# sPlot with simple Gaussian and polynomial PDFs and splitting the data into 4 seperate fits

Fit a pseudo-data missing-mass distribution to produce sWeights then use them to plot signal-weighted distributions for other variables.

Here we use the `Eg` variable to split the data into 4 separate datasets and perform fits on each one using ROOT PROOF to parallise the fits. In the end, the weights are combined back into 1 for drawing the integrated distributions.

Note the weights are stored in a `Weights` object which then can be loaded into other fits. [Weights.h](https://github.com/dglazier/brufit/blob/master/core/Weights.h)
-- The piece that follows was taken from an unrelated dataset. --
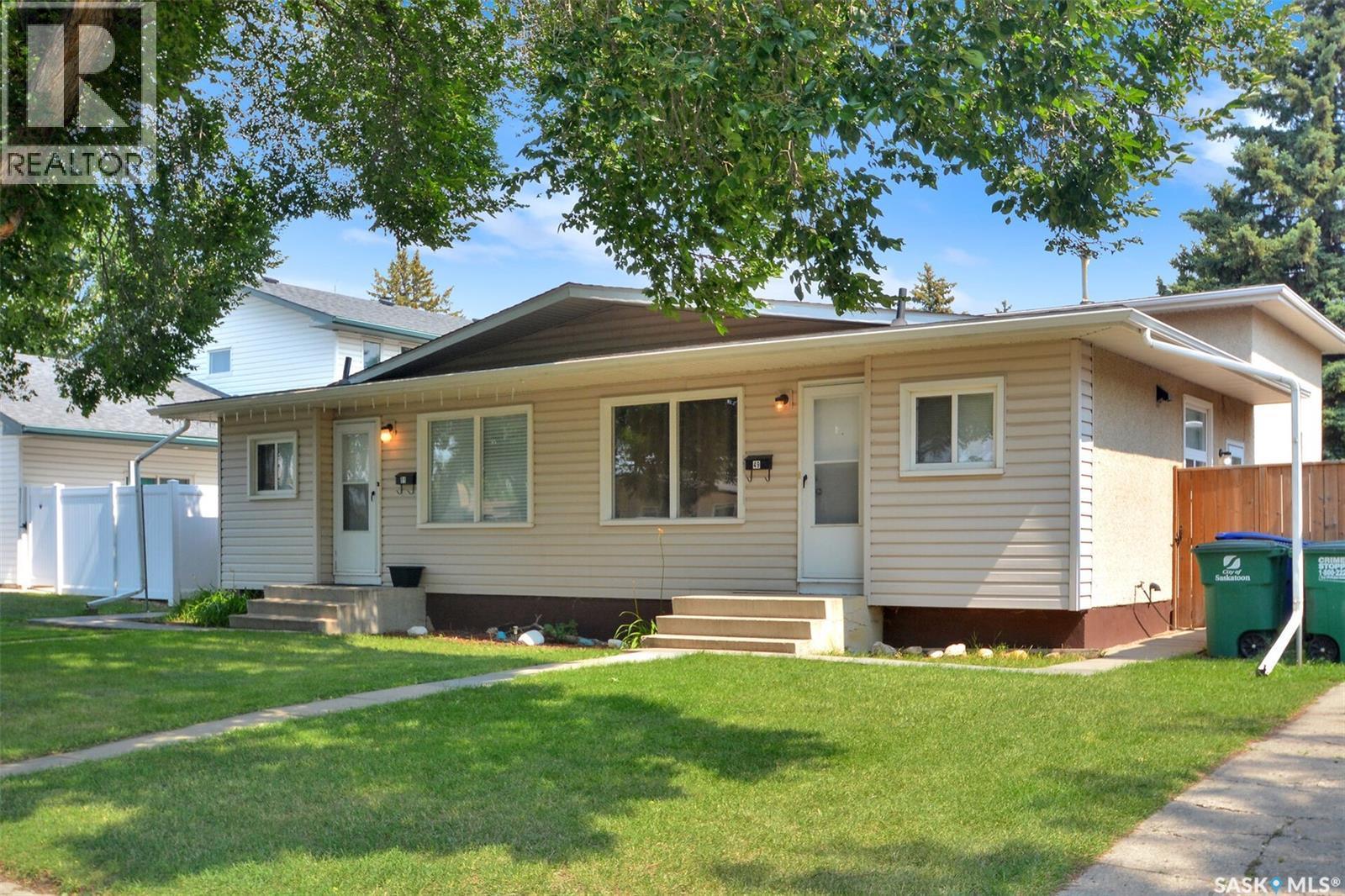 49-51 Carleton Drive, Saskatoon, SK - Outdoor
Load `brufit` using ROOT Python bindings and initialise `jsroot` for drawing histograms.

In [None]:
import ROOT
ROOT.gROOT.ProcessLine(".x $BRUFIT/macros/LoadBru.C")
%jsroot

First you will need to generate some data. This is done with a ROOT macro generating random numbers from `TF1` functions. It can be executed from the following notebook GenerateData
Link to [Generate Data](GenerateData.ipynb).

Create the `sPlot` fit manager and set the output directory for fit results, plots, and weights.

In [None]:
splot = ROOT.sPlot()
splot.SetUp().SetOutDir("outBins")

Define the fit variable as `Mmiss` which is the name of a branch in the tree and set the fit range to 0-10.

In [None]:
splot.SetUp().LoadVariable("Mmiss[0,10]")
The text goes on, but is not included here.